Bang Tran, Youxiang Zhu, James W. Schwoebel, and Xiaohui Liang
Excessive sleepiness in critical tasks and jobs can lead to adverse outcomes, such as work accidents and car crashes. Detecting and monitoring sleepiness levels can prevent these adverse events from happening. In this paper, we propose an attention-based sleepiness detection method using HuBERT embeddings and eGeMAPS features of human speech. Specifically, we propose an attention-based convolutional neural network (CNN) model that achieves accurate 82.57% sleepiness detection using HuBERT embeddings plus age and gender as inputs.
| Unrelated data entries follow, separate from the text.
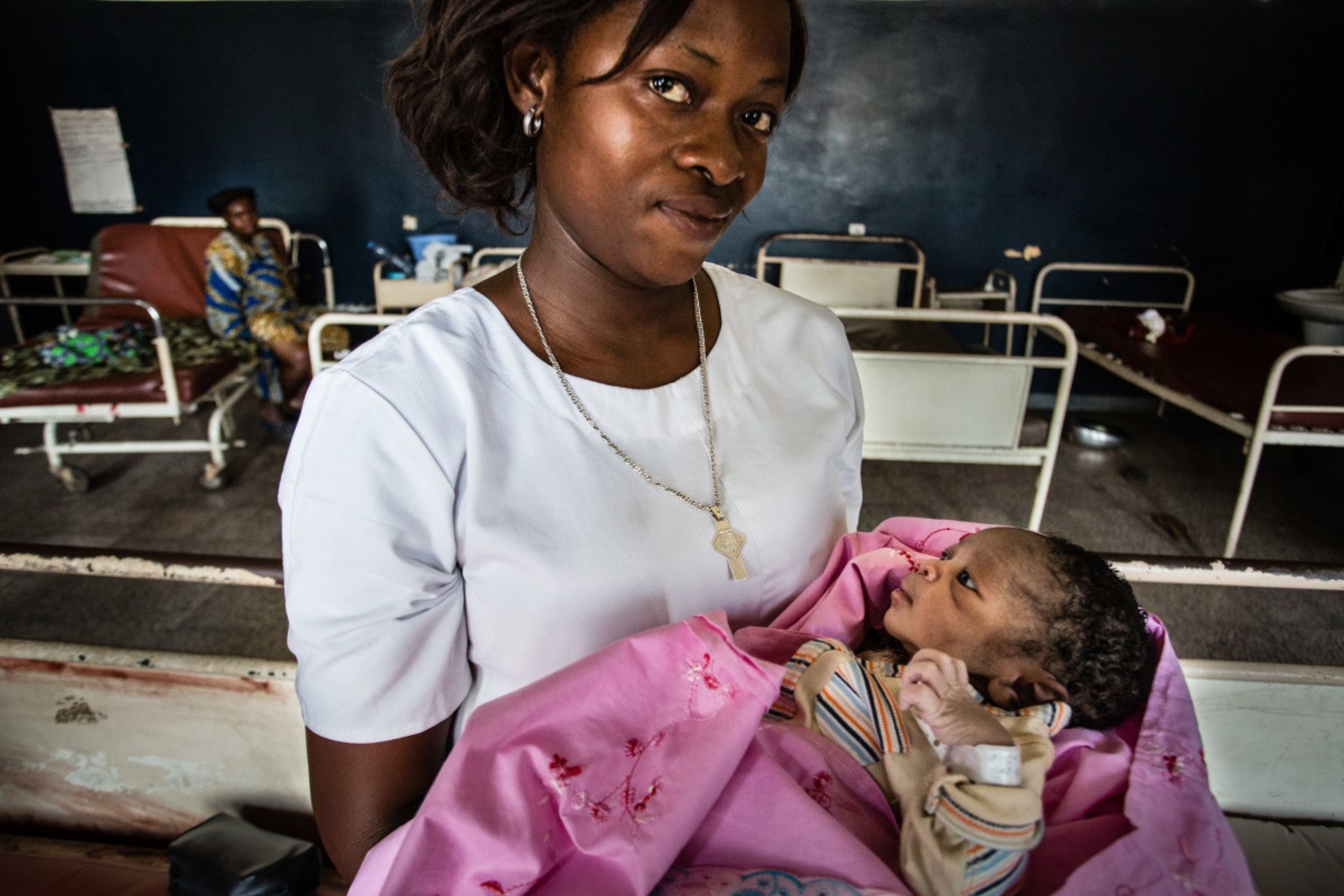 Een moeder toont haar pasgeboren kind in een gezondheidscentrum in Bumbu, DR Congo.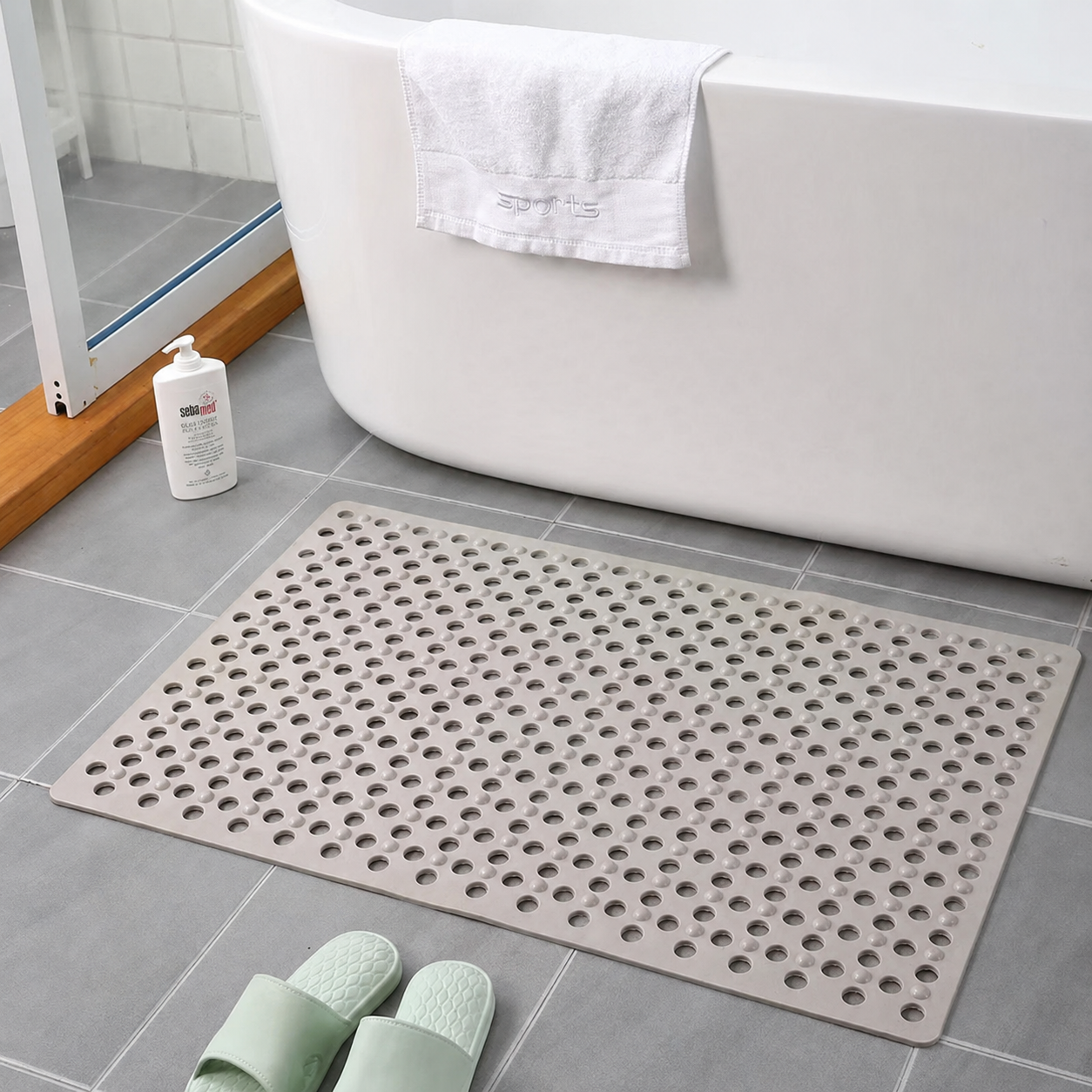 ✨⚡🚿Premium Anti Slip Shower Safety Mat with Strong Suction Cups🧼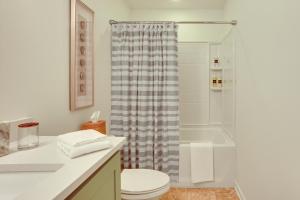 Vannituba majutusasutuses Explore Beaches and May River! Family Bluffton Home +18 fotot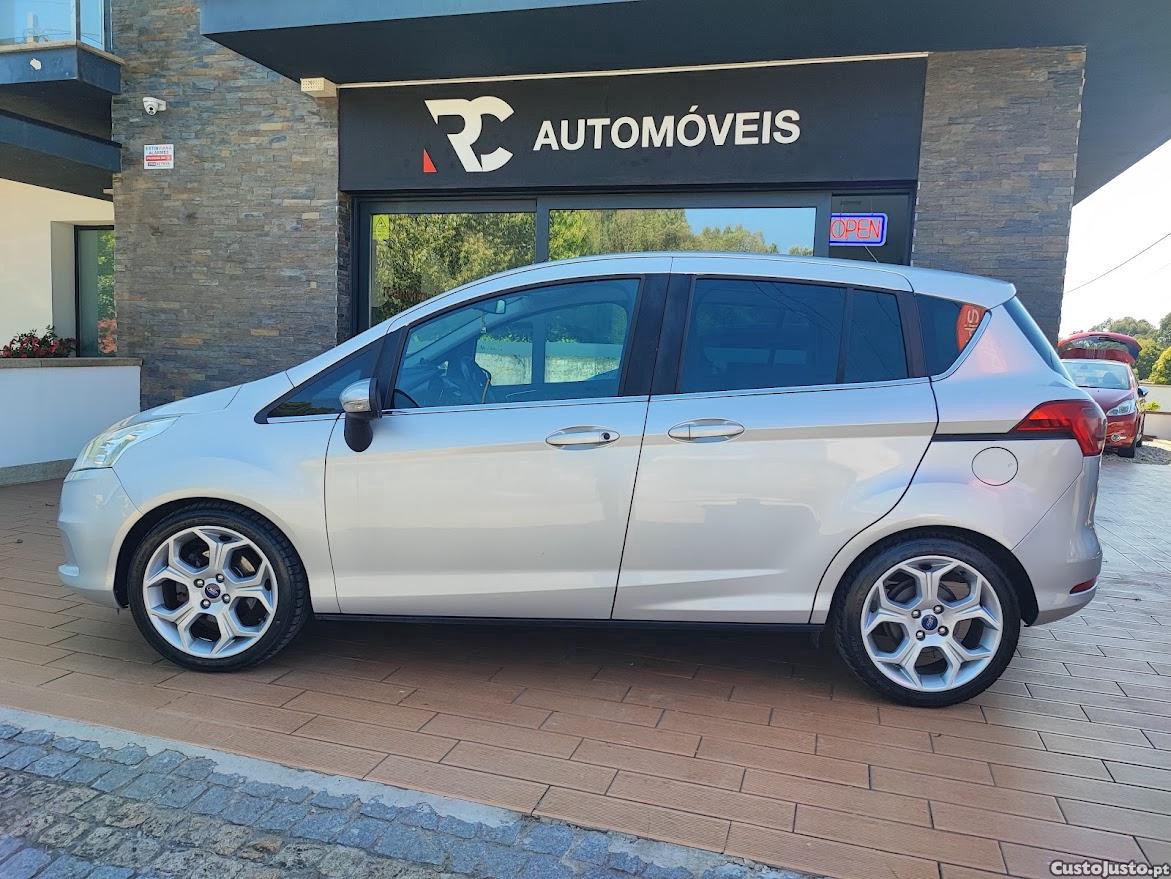Ford B-Max Titanium 1.5 TDCi — fotografia 14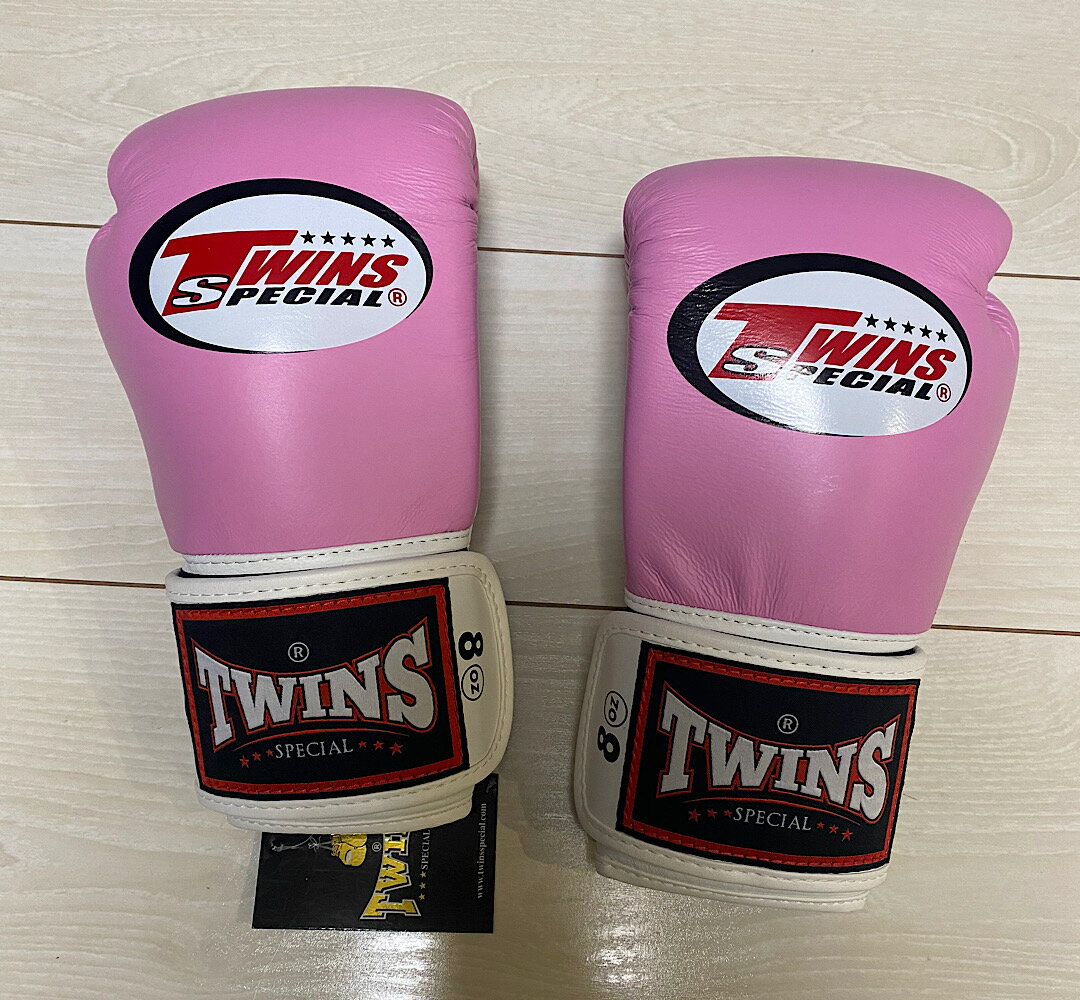 TWINS SPECIAL ボクシンググローブ 8oz ホワイト　白　ピンク /ボクシング/ムエタイ/グローブ/キック/フィットネス/本革製/ツインズ　ドクロ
We also show that the embedded attention layers significantly improve the detection accuracy in different cases of inputs. We then explore the attention weights from the attention layers and observe that the long and semantically-different responses from “Picture description,” “Microphone test,” and “Free speech” tasks are more relevant to sleepiness detection when the model is trained with HuBERT only; the short and semantically-similar responses from “Sustained phonation” and “Diadochokinetic” tasks are more relevant when trained with HuBERT plus age and gender. The attention mechanism enables our model to take all responses as one input, simplifying the data pre-processing and identifying the relevant speech responses to sleepiness detection.
Accepted by IEEE International Conference on Communications (ICC) 2023.